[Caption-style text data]
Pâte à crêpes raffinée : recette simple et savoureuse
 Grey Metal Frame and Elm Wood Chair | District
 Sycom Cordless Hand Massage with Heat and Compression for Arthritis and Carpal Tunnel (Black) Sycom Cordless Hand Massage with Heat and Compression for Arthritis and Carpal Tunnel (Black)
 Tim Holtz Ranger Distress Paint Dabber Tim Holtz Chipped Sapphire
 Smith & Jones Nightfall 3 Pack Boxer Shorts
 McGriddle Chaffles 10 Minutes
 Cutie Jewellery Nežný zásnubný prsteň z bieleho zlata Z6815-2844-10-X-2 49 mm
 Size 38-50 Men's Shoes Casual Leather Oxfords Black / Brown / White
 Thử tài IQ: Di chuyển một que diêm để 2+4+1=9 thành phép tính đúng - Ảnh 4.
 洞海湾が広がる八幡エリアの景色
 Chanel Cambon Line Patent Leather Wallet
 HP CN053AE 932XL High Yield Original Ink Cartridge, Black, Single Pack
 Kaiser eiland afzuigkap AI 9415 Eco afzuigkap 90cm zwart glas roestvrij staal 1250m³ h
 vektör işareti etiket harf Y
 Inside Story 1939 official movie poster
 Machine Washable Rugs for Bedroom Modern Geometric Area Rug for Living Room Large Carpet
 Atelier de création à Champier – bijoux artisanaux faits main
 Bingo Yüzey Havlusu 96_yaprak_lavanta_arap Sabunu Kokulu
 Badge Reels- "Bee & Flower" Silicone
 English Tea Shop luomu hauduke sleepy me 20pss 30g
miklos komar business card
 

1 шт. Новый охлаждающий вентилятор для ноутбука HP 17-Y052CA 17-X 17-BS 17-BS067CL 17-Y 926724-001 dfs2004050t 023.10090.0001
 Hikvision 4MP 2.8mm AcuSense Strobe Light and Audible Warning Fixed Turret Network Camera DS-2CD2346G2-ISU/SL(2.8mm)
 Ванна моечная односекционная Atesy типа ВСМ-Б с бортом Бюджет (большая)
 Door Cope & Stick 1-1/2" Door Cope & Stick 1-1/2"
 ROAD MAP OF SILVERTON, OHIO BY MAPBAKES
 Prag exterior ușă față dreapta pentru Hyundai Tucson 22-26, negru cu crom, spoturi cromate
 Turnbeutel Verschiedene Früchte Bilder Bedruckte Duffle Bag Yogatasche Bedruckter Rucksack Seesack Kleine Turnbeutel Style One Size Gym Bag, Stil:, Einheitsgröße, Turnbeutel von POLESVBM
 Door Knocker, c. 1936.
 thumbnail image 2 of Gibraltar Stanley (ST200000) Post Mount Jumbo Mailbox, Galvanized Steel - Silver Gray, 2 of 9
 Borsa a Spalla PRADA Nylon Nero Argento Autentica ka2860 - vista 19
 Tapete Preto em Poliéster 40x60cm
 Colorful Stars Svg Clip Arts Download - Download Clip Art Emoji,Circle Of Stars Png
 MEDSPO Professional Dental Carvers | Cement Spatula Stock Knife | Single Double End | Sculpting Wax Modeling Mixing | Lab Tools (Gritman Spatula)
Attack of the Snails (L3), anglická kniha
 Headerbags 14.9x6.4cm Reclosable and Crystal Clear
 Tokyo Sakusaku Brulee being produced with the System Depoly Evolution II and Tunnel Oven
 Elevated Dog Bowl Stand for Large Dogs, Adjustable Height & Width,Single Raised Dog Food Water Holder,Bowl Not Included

= Task goal =
Each entry is to be output exactly as it was written.

= Reply =
Pâte à crêpes raffinée : recette simple et savoureuse
 Grey Metal Frame and Elm Wood Chair | District
 Sycom Cordless Hand Massage with Heat and Compression for Arthritis and Carpal Tunnel (Black) Sycom Cordless Hand Massage with Heat and Compression for Arthritis and Carpal Tunnel (Black)
 Tim Holtz Ranger Distress Paint Dabber Tim Holtz Chipped Sapphire
 Smith & Jones Nightfall 3 Pack Boxer Shorts
 McGriddle Chaffles 10 Minutes
 Cutie Jewellery Nežný zásnubný prsteň z bieleho zlata Z6815-2844-10-X-2 49 mm
 Size 38-50 Men's Shoes Casual Leather Oxfords Black / Brown / White
 Thử tài IQ: Di chuyển một que diêm để 2+4+1=9 thành phép tính đúng - Ảnh 4.
 洞海湾が広がる八幡エリアの景色
 Chanel Cambon Line Patent Leather Wallet
 HP CN053AE 932XL High Yield Original Ink Cartridge, Black, Single Pack
 Kaiser eiland afzuigkap AI 9415 Eco afzuigkap 90cm zwart glas roestvrij staal 1250m³ h
 vektör işareti etiket harf Y
 Inside Story 1939 official movie poster
 Machine Washable Rugs for Bedroom Modern Geometric Area Rug for Living Room Large Carpet
 Atelier de création à Champier – bijoux artisanaux faits main
 Bingo Yüzey Havlusu 96_yaprak_lavanta_arap Sabunu Kokulu
 Badge Reels- "Bee & Flower" Silicone
 English Tea Shop luomu hauduke sleepy me 20pss 30g
miklos komar business card
 

1 шт. Новый охлаждающий вентилятор для ноутбука HP 17-Y052CA 17-X 17-BS 17-BS067CL 17-Y 926724-001 dfs2004050t 023.10090.0001
 Hikvision 4MP 2.8mm AcuSense Strobe Light and Audible Warning Fixed Turret Network Camera DS-2CD2346G2-ISU/SL(2.8mm)
 Ванна моечная односекционная Atesy типа ВСМ-Б с бортом Бюджет (большая)
 Door Cope & Stick 1-1/2" Door Cope & Stick 1-1/2"
 ROAD MAP OF SILVERTON, OHIO BY MAPBAKES
 Prag exterior ușă față dreapta pentru Hyundai Tucson 22-26, negru cu crom, spoturi cromate
 Turnbeutel Verschiedene Früchte Bilder Bedruckte Duffle Bag Yogatasche Bedruckter Rucksack Seesack Kleine Turnbeutel Style One Size Gym Bag, Stil:, Einheitsgröße, Turnbeutel von POLESVBM
 Door Knocker, c. 1936.
 thumbnail image 2 of Gibraltar Stanley (ST200000) Post Mount Jumbo Mailbox, Galvanized Steel - Silver Gray, 2 of 9
 Borsa a Spalla PRADA Nylon Nero Argento Autentica ka2860 - vista 19
 Tapete Preto em Poliéster 40x60cm
 Colorful Stars Svg Clip Arts Download - Download Clip Art Emoji,Circle Of Stars Png
 MEDSPO Professional Dental Carvers | Cement Spatula Stock Knife | Single Double End | Sculpting Wax Modeling Mixing | Lab Tools (Gritman Spatula)
Attack of the Snails (L3), anglická kniha
 Headerbags 14.9x6.4cm Reclosable and Crystal Clear
 Tokyo Sakusaku Brulee being produced with the System Depoly Evolution II and Tunnel Oven
 Elevated Dog Bowl Stand for Large Dogs, Adjustable Height & Width,Single Raised Dog Food Water Holder,Bowl Not Included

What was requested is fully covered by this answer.